The Guardian has published two critical letters from readers about gay camp comedians, in response to columnist Owen Jones’s article on Alan Carr’s advert for animal charity PETA.
Jones said: “Carr’s defiant response forced me to examine prejudices I share with all too many other gay men.”
He added: “Gay men have a big problem with camp. Gay dating websites abound with profiles specifying ‘straight-acting men only’. Despite the widespread myth that campness is affected – that it’s all for show – most gay men think camp is deeply unsexy.
“Graham Norton – another screamingly camp comedian – has said that campness is ‘a much harder thing to accept than being gay’, because it ‘comes with judgment all round’.
“This anti-camp hostility partly comes from a desire to conform to traditional gender roles, which gay men have already subverted whether they want to or not. But Carr has a point: some anti-camp bashing is driven by the homophobia of gay men.”
In the letters section of its website, The Guardian published two critical responses from readers under the title, “Damage done by high-camp comedians”.
John Inman and Larry Grayson, two of the most prolific high-camp comics of the 1970s and 1980s, were condemned as “grotesque pantomimic creatures”, whilst Alan Carr was branded as playing to a “tired, lazy stereotype”, making it harder for gay people to be “treated with respect”.
Alan Clark, of London, wrote: “In his perceptive analysis of gay men’s attitudes to camp Owen Jones suggests that an aversion to it is a form of self-loathing. But for many of us struggling to come out in the 1970s and 80s, it was camp itself which represented self-hatred.
“Comedians such as John Inman and Larry Grayson personified everything that I did not want to be.
“They were almost a third sex: grotesque pantomimic creatures, willingly collusive in the mocking laughter of the TV audience.
“My generation of activists wanted to show people that we weren’t all hairdressers or ballet dancers, just ordinary blokes who worked in factories and offices and drove trains and buses.
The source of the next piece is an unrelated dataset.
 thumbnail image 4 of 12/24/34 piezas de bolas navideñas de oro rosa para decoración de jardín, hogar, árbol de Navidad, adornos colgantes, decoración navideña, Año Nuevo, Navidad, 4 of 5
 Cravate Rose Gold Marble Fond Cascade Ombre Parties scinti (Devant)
“Times have thankfully changed, and many of these high-camp relics can now seem almost endearing, but they did huge damage to many young gay people trying to find an image of themselves they could respect.
“That these young people nevertheless succeeded in doing so, openly and proudly, laid the foundation for the more tolerant society that this gay generation takes for granted.
“I truly admire Alan Carr for being himself and not caring what people think when he dresses up as a fairy, but please forgive me if I still flinch a little.
“That’s not prejudice, lack of humour or self-loathing; it’s actually self-love.”
Matthew Handy, of Harrogate, wrote: “I dislike Alan Carr, not because I suffer from internalised homophobia but because I think he’s about as funny and relevant as The Black and White Minstrel Show.
“He plays to a tired, lazy stereotype that historically portrayed gay people as, literally, different and inhuman and made it so much harder for them to be treated with respect and as equals by their straight peers.
“This is why I had to wait until I was 44 to see the first gay weddings. Owen Jones won’t remember any of this. After all, he only had to wait until he was 29.”